Irreconcilable Differences or Is It All About the Money
The BBC are currently under pressure to cut spending and with a target of £150m across the board having to be cut it was inevitable some big names would get the axe. The Voice has already been dropped and sold to ITV and with the sporting arm of BBC looking for £35m in savings a big name was always going to go, but why F1?
Barbara Slater of the BBS said "A significant chunk of BBC Sport's savings target will be delivered through the immediate termination of our TV rights agreement for Formula 1,". The sport had only just returned to its spiritual home and the Fleetwood Mac CD was just starting to get warm. The BBC had brought it back in 2009 with a brand new broadcasting team of Suzi Perry, Eddie Jordan and David Coulthard. The decision to cancel has been seen as harsh by some, particularly Eddie Jordan, “It is utterly devastating. The week of Christmas is not the time to hear this, compounded by the fact that it’s not long since a lot of the team had left London and relocated in Salford at the whim of the BBC.”
Another theory could be about the sport itself. The Drivers Association (GPDA) conducted a survey of over 215,000 fans in the summer of 2015. They discovered, that despite F1 claims, that noise and fuel consumption is not the answer to waning interest. The three words which repeatedly came up was ‘boring’, technological’ and ‘expensive’. For a survey looking into what fans think of Formula 1 it is a damning indictment. Formula 1 have always been questioned when it came to its entertainment value and commercialisation, and this was two major points that came from the survey.
The survey also showed its disappointment with the current paddock of drivers with a shock coming for reigning champion Lewis Hamilton, who didn’t even rate among the favourites of those surveyed. His dominance and Mercedes’ is an example of the lack of competitiveness in the field and with F1 suggesting fewer teams and more drivers seems to be more of an issue in the years to come.

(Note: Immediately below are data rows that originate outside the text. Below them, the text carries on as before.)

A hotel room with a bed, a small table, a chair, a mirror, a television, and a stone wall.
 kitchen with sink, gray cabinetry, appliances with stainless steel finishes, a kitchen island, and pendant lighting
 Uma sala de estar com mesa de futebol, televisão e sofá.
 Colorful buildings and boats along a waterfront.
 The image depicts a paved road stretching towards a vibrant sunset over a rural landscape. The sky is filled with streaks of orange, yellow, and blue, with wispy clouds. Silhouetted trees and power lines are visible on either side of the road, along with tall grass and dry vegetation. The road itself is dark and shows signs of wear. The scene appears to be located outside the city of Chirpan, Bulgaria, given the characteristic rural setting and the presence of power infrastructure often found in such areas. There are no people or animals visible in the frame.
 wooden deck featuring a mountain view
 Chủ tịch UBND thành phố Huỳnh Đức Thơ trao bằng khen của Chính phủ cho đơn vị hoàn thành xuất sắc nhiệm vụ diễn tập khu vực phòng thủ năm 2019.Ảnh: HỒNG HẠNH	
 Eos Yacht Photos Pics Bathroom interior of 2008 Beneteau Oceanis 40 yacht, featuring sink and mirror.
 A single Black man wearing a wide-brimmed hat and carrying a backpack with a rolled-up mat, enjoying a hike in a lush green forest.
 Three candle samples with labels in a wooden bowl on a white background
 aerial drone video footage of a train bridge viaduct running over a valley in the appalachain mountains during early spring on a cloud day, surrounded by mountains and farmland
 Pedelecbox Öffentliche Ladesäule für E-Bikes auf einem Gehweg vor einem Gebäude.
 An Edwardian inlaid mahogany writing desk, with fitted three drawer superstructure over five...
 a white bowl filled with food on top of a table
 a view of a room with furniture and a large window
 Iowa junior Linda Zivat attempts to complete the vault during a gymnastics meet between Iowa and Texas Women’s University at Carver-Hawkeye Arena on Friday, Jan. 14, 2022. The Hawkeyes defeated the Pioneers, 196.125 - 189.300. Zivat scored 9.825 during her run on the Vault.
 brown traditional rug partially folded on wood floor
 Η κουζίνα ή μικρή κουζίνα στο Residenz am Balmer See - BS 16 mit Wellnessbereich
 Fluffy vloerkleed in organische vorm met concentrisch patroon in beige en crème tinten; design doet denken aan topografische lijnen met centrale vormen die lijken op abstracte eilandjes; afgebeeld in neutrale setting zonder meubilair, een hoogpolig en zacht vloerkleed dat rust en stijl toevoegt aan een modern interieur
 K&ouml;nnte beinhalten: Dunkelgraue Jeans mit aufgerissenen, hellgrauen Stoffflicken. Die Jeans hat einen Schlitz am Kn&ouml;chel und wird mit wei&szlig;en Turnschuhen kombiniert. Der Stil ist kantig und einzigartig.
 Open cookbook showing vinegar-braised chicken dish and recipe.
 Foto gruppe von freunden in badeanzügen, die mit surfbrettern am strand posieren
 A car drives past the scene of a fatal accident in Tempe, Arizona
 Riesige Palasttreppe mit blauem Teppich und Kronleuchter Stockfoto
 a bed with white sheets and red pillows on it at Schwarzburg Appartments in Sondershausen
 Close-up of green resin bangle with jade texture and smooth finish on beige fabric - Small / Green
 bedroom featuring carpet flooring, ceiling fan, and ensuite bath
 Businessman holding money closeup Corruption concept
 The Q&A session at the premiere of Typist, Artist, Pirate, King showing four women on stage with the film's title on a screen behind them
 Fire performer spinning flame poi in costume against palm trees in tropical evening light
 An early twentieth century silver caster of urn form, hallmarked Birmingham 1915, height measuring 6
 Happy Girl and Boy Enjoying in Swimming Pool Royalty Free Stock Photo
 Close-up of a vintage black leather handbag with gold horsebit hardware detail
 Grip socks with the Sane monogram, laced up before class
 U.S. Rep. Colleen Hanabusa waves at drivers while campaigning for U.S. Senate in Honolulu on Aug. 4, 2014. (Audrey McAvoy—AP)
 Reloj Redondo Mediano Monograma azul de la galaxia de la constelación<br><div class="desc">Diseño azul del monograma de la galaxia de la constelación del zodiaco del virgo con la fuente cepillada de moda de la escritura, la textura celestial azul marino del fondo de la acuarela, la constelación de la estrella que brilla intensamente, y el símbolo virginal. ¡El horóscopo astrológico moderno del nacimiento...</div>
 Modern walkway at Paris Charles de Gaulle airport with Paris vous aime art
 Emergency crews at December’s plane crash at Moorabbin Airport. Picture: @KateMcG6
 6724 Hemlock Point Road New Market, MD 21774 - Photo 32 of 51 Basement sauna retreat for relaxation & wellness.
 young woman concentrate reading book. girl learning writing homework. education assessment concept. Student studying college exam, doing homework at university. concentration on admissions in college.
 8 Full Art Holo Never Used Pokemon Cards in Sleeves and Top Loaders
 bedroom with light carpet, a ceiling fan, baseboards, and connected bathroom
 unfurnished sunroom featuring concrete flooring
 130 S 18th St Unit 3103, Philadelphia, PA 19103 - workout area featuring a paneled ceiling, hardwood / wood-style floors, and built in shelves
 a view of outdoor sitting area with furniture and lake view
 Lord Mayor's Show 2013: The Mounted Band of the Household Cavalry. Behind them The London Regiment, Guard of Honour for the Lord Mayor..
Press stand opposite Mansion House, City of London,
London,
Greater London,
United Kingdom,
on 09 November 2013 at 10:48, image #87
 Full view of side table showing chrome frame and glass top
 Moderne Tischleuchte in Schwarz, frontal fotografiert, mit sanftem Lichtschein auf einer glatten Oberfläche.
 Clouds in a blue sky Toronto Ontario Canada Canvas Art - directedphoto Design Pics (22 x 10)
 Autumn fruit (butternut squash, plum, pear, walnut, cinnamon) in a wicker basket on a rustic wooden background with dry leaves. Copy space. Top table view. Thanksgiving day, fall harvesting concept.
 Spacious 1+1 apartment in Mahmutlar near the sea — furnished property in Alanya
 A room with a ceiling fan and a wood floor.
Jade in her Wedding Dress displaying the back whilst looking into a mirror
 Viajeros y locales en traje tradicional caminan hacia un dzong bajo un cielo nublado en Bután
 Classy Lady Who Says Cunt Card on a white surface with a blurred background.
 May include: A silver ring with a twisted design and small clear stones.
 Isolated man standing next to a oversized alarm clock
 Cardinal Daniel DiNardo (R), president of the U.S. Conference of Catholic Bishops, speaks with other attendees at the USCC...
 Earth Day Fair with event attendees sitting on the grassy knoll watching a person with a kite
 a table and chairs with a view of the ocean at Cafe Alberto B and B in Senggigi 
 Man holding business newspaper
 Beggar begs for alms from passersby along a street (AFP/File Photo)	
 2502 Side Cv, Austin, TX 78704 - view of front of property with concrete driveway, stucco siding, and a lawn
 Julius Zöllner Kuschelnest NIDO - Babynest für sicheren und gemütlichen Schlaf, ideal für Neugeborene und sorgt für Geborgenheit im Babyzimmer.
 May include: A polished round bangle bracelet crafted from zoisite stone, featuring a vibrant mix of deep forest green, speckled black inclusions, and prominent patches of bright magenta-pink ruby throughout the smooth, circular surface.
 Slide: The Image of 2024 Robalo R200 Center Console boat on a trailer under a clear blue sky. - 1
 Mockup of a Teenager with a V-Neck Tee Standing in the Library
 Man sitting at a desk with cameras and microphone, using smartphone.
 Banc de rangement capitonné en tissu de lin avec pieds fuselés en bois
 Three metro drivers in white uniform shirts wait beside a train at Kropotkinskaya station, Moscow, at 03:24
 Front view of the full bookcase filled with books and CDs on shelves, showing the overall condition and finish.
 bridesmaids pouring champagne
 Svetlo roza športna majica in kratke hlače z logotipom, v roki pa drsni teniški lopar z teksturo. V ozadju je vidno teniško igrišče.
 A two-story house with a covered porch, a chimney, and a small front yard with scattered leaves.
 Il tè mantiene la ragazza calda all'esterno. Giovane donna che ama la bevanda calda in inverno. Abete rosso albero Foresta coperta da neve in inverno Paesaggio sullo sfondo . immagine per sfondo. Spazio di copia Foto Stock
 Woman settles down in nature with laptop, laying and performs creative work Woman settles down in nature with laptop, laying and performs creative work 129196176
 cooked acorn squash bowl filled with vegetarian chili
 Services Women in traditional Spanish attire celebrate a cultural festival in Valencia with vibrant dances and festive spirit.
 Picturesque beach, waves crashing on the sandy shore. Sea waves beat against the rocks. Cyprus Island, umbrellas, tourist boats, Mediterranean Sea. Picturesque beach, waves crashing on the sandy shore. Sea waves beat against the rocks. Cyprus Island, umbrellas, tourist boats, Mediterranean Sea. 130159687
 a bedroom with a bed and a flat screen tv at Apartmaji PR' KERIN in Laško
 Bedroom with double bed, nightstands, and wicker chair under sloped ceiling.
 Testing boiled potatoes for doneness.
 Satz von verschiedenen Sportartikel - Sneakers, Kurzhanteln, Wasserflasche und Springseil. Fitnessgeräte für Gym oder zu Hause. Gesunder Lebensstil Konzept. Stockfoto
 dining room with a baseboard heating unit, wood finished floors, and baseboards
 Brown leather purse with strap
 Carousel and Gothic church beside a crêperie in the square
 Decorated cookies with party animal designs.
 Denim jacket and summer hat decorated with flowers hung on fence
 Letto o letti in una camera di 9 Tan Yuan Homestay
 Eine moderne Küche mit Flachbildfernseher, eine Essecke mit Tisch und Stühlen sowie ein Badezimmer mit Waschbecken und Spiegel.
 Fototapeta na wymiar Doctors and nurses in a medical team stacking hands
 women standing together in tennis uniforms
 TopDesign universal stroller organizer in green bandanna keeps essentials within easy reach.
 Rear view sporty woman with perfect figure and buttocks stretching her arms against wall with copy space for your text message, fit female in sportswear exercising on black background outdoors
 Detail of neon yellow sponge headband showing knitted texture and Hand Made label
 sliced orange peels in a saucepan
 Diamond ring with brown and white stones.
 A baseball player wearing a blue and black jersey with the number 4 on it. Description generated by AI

If only to prove this point Hamilton is favourite to win next seasons Championship too, making it three in a row. It could turn out to be a shrewd move by BBC in dropping this deadweight and it speaks volumes, that with cuts looming, Formula 1 is the first one to go.
Channel 4 are hoping that prediction will be wrong, and went as far as to guarantee no advertisement will air during the race to win the broadcasting contract. It will be an expensive venture with £25m for the rights and £10m for production. It will show 10 races per season and highlights of those not broadcast live. It has to outsource its production, but by a large stroke of ‘luck’, Jake Humphrey’s and David Coulthard Production company Whisper Films was bought by the channel in 2014.
Formula 1 will hope that interest stays in the sport and by having exposure on public television will hope the numbers of viewers will increase. The sport will have to do more to excite the original fans that were surveyed by GPDA though and maybe this divorce from its long term partner BBC will be the kick up the backside the sport needs to make the correct changes. The aim should be to make the sport a spectacle again and not a predictable advertising board it is slowly becoming.